The changes to Sunday penalty rates are being phased in over three or four years from 1 July 2017, depending on the award and the employment type. Sunday rates in the Restaurant Award will remain unaffected by the changes.
Increase to the National Minimum Wage
The Fair Work Commission (FWC) announced a 3.3 per cent increase to minimum wages, raising the National Minimum Wage to $694.60 per week or $18.29 per hour. The 3.3 per cent increase applies to employees that get their pay rates from the national minimum wage and a modern award. The increase only applies to some registered agreements.
Employers must ensure the new minimum wages are applied from the first full pay period on or after 1 July 2017. So if your business pay week is Thursday to Wednesday, then you will need to pay your employees the new rates for all the hours they work from Thursday 6 July.

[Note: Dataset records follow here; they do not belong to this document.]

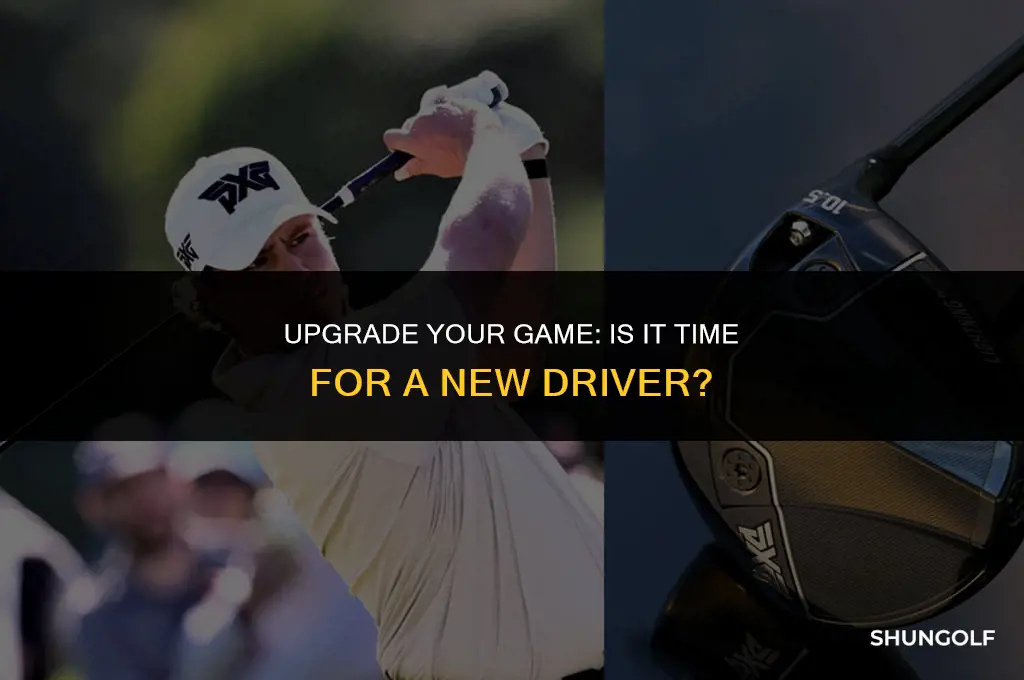 should i buy a new driver golf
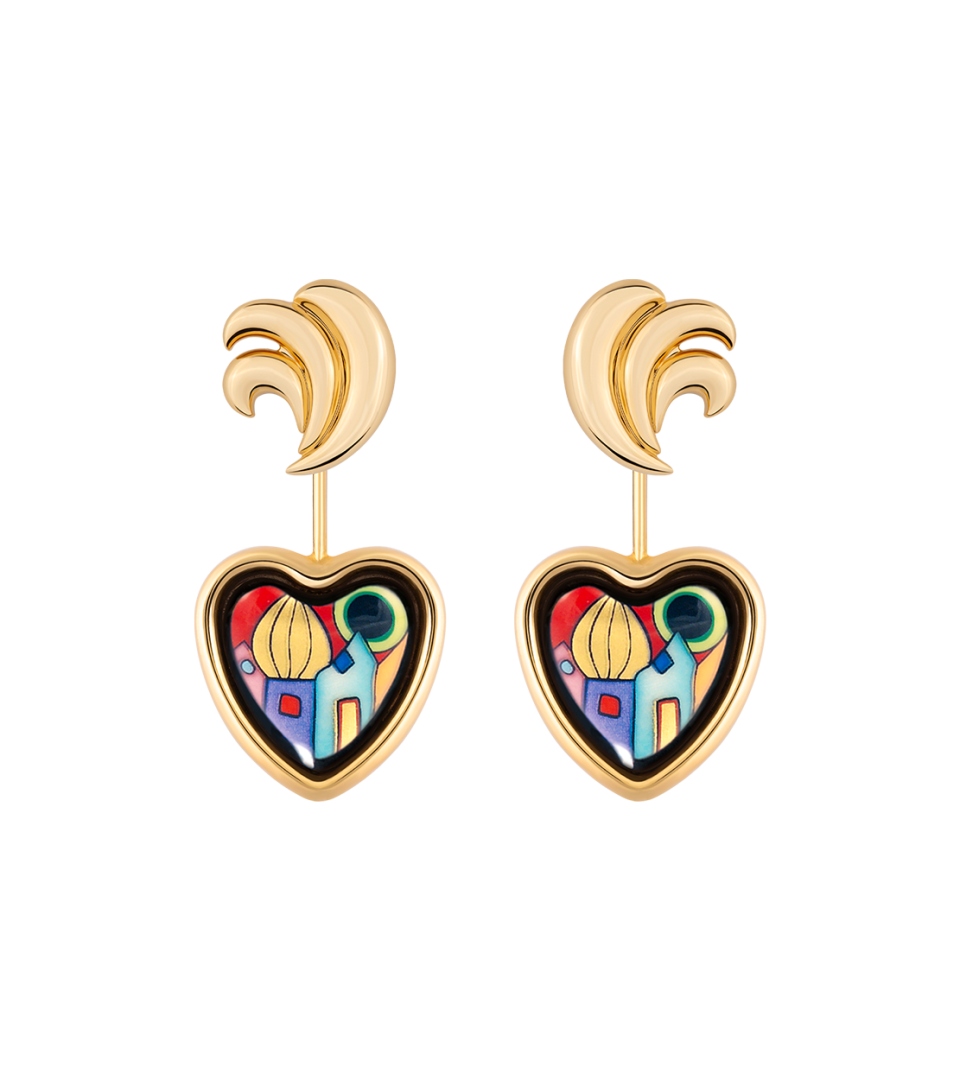 Corazón Earrings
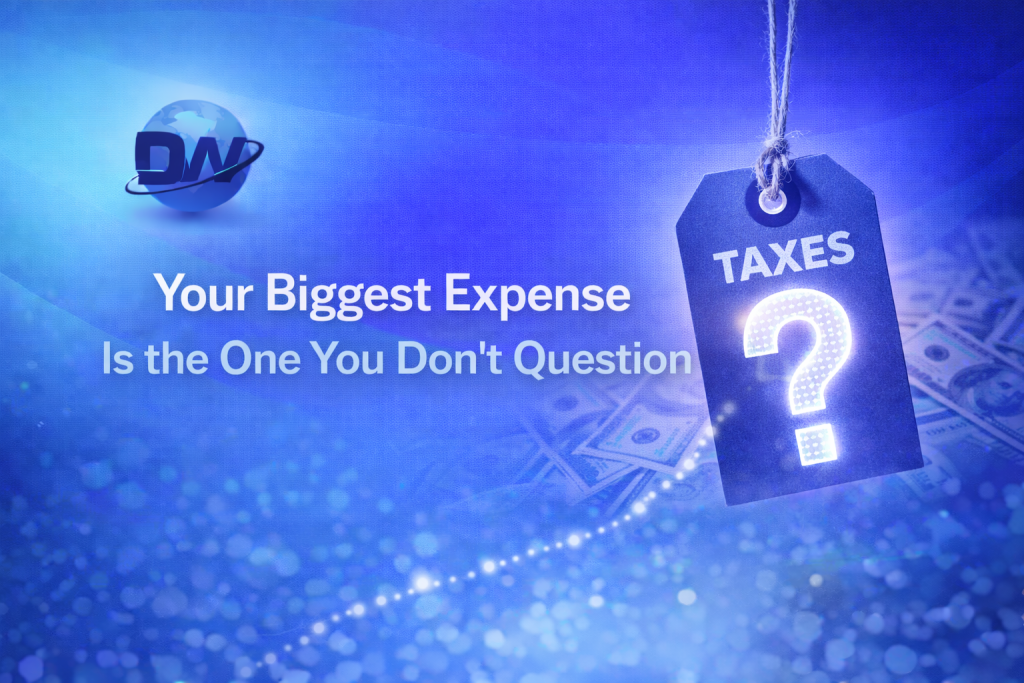 Entrepreneur reviewing a tax planning strategy before year-end-How to Plan Taxes as an Entrepreneur (So You Keep More of What You Earn)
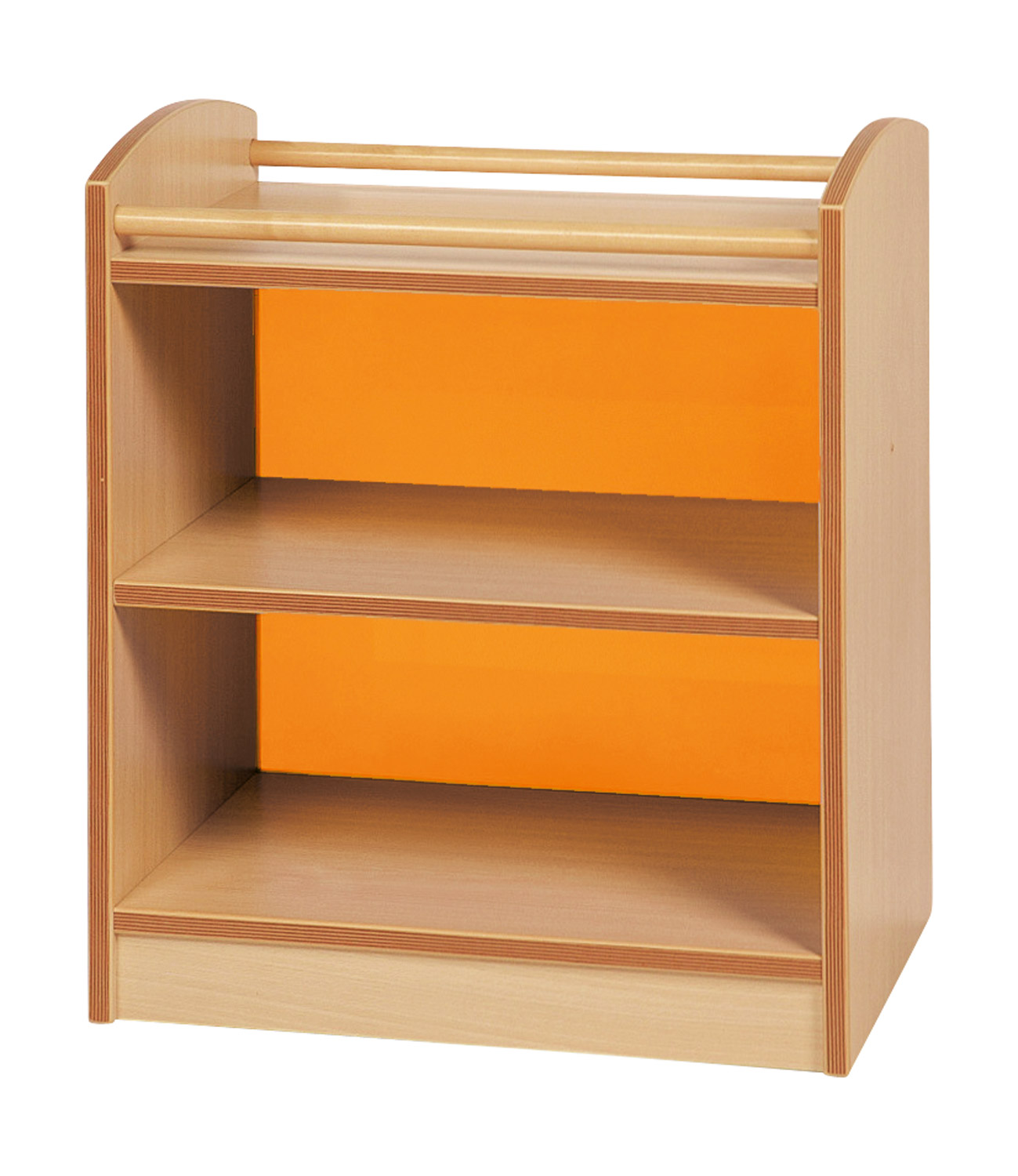 Pamini® Regal, farbige Acryl Rückwand 77 cm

High-income threshold for unfair dismissals
From 1 July 2017, the high income threshold increased from $138,900 to $142,000 per annum. The high income threshold refers to the maximum earnings an employee can be paid and still be allowed to make an unfair dismissal claim (unless they are covered by an award or enterprise agreement).
The Fair Work Act 2009 deems an employee’s annual rate of earnings as employee wages, any amounts applied or dealt with on the employee’s behalf, such as salary sacrificing, and the agreed value of any non-monetary benefits, i.e., a car, mobile phone, laptop, etc. The high-income threshold excludes reimbursements such as meal allowances or living away from home allowances, statutory super contributions, commissions, overtime (unless it is guaranteed) or incentive-based payments and bonuses.
The maximum financial compensation limit is now $71,000. Employers should exercise caution when calculating whether their employees are earning above or below the high income threshold and whether a modern award or enterprise agreement applies to an employee.